Shawarma shop adopts new marketing strategy

Christopher Tse, Centretown News

Christopher Tse, Centretown News

Ali Badreddine, owner of Le Beret Rouge on Bank Street, says he plans to change the name of his shop back to something that will let customers know it is a shawarma restaurant.

A Bank Street shawarma restaurant is changing its name after a failed experiment in trying to attract Francophone customers.

Best known as late-night pit stops for post-party clubgoers, shawarma restaurants are a common sight in Centretown. Shawarma is meat roasted on a rotating spit. It is often used to stuff pita wraps.

Between Catherine and Albert streets, there are four shawarma restaurants on Bank Street within nine blocks of each other. Three have similar names: Shawarma King, Shawarma Town and Shawarma Laguna. The fourth, Le Beret Rouge, is an exception.

Le Beret Rouge looks like any other shawarma restaurant in Ottawa. Inside, the smell of spiced meat is overwhelming. Large skewers of lamb, chicken and beef are grilled rotisserie-style behind a wooden counter.

But outside, Le Beret Rouge – specifically, the name on its black, yellow and red sign – stands out.

Nick Kaufman, a frequent customer, says the restaurant’s unusual name initially attracted but baffled him.

“I was walking down Bank Street and saw this sign and thought it had such a different and interesting name,” says Kaufman. “But it was a little bit confusing. . when you look for shawarma, you look for a place with ‘shawarma’ in the name.”

Owner Ali Badreddine agrees.

Badreddine has been running Le Beret Rouge for over two months. He says its previous owner, Hayan Abdullah, sold the business to him in January after it started losing money.

Now, says Badreddine, Le Beret Rouge has become much more profitable during his short tenure as owner.

Originally called Shawarma City, Abdullah gave the restaurant its French name after he bought it several years ago.

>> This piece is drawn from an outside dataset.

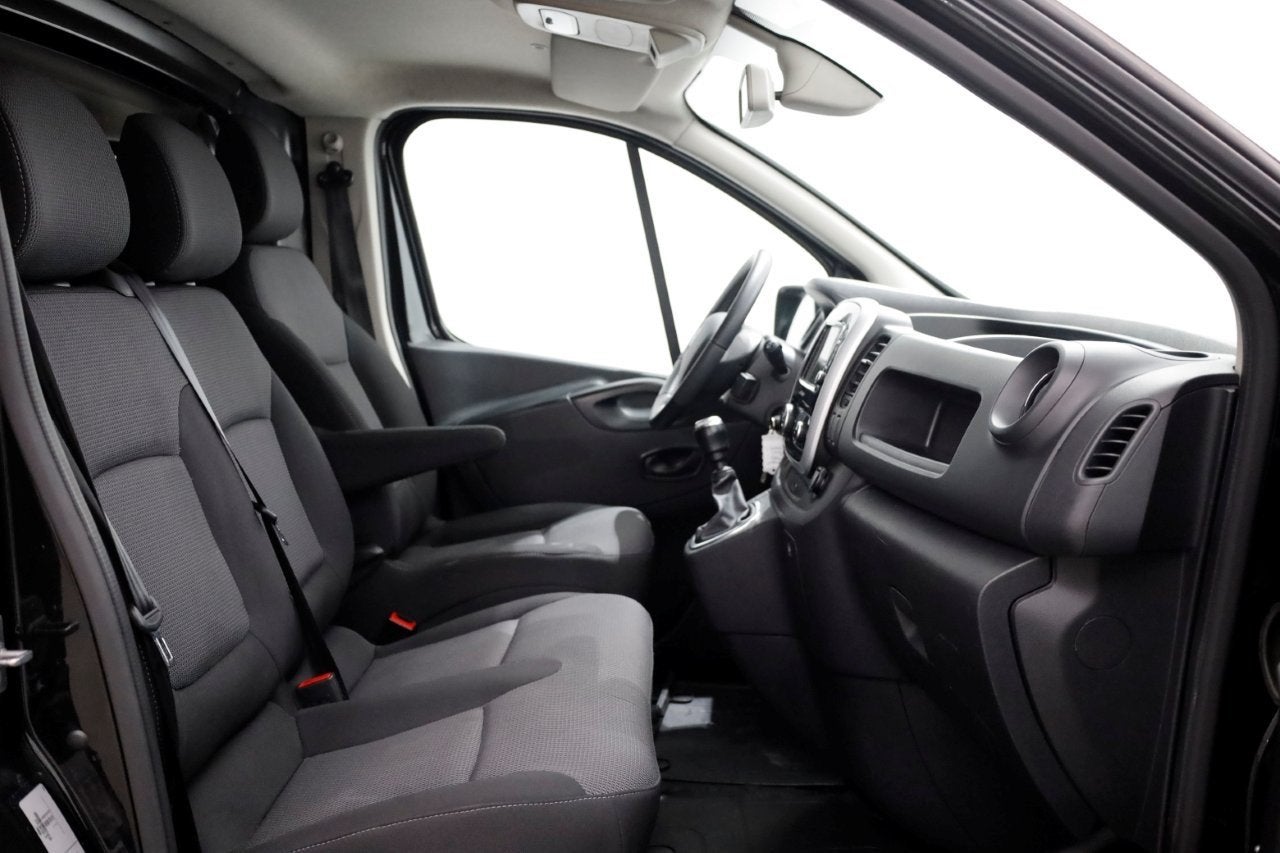 Renault Trafic 2.0 dCi 120pk L1H1 Comfort Navi/Camera/Inrich, Auto's, Voorwielaandrijving, 1706 kg, Gebruikt, Euro 6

His goal was to attract more Francophone customers.

But Badreddine says the name change was a bad business decision.

“Since January when I took over, the customers themselves ask me, ‘Why did you name it like that?’ The word – ‘Le Beret Rouge’ – in French, it means ‘the red cap.’ What does that have to do with the business?” he says. “I (don’t mind) if it’s French or English as long as it describes what the restaurant is.”

Badreddine adds that he plans to change the sign when the weather gets warmer.

“Either I bring it back to its previous name, which was Shawarma City (or change it to something) that describes Lebanese cuisine.”

Giving a French name to a Lebanese restaurant is a poor marketing strategy, says Ian Lee, a professor at Carleton University’s Sprott School of Business.

“There’s a tradition in the restaurant industry of using French names for restaurants because it connotes, suggests or infers high end, prestige,” Lee says.

“They’re connoting or suggesting higher end, sophisticated food when in fact, it’s shawarma, which is almost takeout . . . This sends the wrong message and confuses people.”

Instead, he suggests a “sufficiently-anglicized” Arabic-sounding name would draw more customers.